→ **Problem description**:
The whole of the data is to be returned without a single change.

*** Raw data ***

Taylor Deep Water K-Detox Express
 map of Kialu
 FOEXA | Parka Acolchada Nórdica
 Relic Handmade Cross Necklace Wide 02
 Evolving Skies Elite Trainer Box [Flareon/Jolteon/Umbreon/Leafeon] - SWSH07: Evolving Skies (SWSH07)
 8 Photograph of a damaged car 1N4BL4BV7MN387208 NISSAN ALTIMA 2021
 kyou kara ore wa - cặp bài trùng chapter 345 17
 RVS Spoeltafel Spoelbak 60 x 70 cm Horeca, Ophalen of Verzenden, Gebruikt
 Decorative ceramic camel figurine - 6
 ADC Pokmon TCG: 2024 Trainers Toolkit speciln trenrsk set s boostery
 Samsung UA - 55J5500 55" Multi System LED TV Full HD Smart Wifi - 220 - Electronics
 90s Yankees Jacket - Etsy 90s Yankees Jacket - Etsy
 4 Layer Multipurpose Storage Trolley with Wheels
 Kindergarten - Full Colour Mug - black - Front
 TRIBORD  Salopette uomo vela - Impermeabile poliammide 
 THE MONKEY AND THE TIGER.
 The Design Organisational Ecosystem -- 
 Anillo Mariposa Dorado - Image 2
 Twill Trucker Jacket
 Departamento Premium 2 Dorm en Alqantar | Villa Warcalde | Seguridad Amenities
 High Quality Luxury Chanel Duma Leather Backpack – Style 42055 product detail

***

→ **Response to this exercise**:
Taylor Deep Water K-Detox Express
 map of Kialu
 FOEXA | Parka Acolchada Nórdica
 Relic Handmade Cross Necklace Wide 02
 Evolving Skies Elite Trainer Box [Flareon/Jolteon/Umbreon/Leafeon] - SWSH07: Evolving Skies (SWSH07)
 8 Photograph of a damaged car 1N4BL4BV7MN387208 NISSAN ALTIMA 2021
 kyou kara ore wa - cặp bài trùng chapter 345 17
 RVS Spoeltafel Spoelbak 60 x 70 cm Horeca, Ophalen of Verzenden, Gebruikt
 Decorative ceramic camel figurine - 6
 ADC Pokmon TCG: 2024 Trainers Toolkit speciln trenrsk set s boostery
 Samsung UA - 55J5500 55" Multi System LED TV Full HD Smart Wifi - 220 - Electronics
 90s Yankees Jacket - Etsy 90s Yankees Jacket - Etsy
 4 Layer Multipurpose Storage Trolley with Wheels
 Kindergarten - Full Colour Mug - black - Front
 TRIBORD  Salopette uomo vela - Impermeabile poliammide 
 THE MONKEY AND THE TIGER.
 The Design Organisational Ecosystem -- 
 Anillo Mariposa Dorado - Image 2
 Twill Trucker Jacket
 Departamento Premium 2 Dorm en Alqantar | Villa Warcalde | Seguridad Amenities
 High Quality Luxury Chanel Duma Leather Backpack – Style 42055 product detail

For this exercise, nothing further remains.